Shuffle & Doom!
A fast single-player tabletop dungeon crawler played with nothing more than a standard deck of cards.
Enter the Dungeon
Shuffle & Doom! is a small tabletop dungeon crawler built entirely around a standard 54-card deck. Construct a randomized dungeon, battle enemies, disarm traps, collect treasure, manage your inventory, and fight the boss in quick solo gameplay sessions.
The main idea behind the project was to create something lightweight, replayable, and easy to set up without requiring dice, tokens, miniatures, boards, apps, or extra materials. The dungeon generation, room structure, enemies, traps, treasure, and boss encounters are all derived directly from the cards themselves.
Development Notes
Shuffle & Doom! began several years ago as an experimental dungeon crawler built entirely from a standard deck of cards. Over time, the project went through multiple revisions, rewrites, and playtests before arriving at its current form.
One of the biggest design goals was balancing simplicity against immersion. Earlier versions introduced additional mechanics and complexity, but many of those systems ultimately added more weight than enjoyment. Much of the final development process became a question of figuring out which mechanics created meaningful strategy, and which ones only slowed the game down.
Another major goal was accessibility. The game was intentionally designed so that a player could sit down with an ordinary deck of cards and start exploring immediately. Everything needed for dungeon-crawling tension is contained in the deck itself.

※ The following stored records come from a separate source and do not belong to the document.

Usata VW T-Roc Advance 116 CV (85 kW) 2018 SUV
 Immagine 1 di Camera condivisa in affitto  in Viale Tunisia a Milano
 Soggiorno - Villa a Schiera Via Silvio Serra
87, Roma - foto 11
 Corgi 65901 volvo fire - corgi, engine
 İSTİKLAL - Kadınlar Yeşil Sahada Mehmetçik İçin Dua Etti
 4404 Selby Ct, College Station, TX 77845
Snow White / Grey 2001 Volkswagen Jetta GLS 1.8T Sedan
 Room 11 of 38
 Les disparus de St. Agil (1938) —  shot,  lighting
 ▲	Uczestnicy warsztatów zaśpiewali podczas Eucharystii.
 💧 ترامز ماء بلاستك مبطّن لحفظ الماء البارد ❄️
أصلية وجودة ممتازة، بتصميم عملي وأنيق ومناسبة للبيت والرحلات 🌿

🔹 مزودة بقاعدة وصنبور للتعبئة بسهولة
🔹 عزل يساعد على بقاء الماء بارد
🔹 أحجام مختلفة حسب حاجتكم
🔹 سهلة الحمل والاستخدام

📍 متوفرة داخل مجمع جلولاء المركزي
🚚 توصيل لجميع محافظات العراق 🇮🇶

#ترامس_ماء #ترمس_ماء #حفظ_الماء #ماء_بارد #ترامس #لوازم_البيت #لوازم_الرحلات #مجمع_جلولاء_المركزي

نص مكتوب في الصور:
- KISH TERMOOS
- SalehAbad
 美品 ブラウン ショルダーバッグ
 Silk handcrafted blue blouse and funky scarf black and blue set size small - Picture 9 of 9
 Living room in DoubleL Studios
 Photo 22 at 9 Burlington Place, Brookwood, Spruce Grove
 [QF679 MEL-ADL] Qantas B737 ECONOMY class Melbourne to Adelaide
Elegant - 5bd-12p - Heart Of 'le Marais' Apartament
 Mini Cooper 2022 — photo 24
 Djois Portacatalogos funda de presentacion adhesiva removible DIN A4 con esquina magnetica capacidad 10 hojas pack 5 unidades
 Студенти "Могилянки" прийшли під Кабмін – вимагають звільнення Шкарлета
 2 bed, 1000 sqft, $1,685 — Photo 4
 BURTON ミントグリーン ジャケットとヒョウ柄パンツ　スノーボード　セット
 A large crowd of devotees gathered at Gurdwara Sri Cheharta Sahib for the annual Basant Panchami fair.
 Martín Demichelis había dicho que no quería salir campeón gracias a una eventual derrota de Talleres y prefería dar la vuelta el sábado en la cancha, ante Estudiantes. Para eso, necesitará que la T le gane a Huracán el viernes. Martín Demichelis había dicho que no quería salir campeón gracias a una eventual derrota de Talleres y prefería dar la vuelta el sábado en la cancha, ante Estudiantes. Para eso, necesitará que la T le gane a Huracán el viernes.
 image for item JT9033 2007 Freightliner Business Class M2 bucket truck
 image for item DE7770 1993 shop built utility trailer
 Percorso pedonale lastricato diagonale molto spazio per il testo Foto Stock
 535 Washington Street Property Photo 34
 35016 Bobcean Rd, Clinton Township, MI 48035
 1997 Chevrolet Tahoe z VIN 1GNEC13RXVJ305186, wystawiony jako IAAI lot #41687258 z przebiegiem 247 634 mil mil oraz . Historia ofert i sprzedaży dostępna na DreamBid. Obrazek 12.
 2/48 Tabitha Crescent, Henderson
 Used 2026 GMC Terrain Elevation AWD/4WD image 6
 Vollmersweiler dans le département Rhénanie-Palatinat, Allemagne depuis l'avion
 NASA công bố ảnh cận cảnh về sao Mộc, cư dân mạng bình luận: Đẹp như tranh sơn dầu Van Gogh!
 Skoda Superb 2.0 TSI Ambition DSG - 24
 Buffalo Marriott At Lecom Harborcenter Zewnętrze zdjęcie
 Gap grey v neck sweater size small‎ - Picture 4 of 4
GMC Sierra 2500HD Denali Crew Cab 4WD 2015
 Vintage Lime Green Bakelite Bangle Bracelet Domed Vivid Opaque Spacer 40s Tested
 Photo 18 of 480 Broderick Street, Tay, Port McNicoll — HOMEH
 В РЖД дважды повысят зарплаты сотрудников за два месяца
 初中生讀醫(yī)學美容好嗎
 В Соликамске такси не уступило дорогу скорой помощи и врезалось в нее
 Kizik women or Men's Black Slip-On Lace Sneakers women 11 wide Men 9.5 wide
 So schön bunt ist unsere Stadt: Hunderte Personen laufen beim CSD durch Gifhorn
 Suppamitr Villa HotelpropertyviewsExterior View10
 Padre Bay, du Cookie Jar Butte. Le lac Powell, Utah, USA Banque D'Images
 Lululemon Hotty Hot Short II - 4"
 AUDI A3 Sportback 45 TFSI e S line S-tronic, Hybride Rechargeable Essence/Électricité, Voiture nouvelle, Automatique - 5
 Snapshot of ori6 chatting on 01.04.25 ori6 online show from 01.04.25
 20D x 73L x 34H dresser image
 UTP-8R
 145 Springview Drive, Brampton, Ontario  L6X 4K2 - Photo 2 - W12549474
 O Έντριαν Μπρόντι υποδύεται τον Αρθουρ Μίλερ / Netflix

The visual presentation of the manual was heavily inspired by retro game manuals and older tabletop rulebooks: straightforward, readable, and slightly nostalgic.
Singleplayer Release
At this point, Shuffle & Doom! is considered complete as a standalone single-player experience. A multiplayer version may be explored someday, but the current focus is simply sharing the finished game publicly and seeing what players do with it.
Thank you for taking the time to check out the project. I hope you enjoy playing it.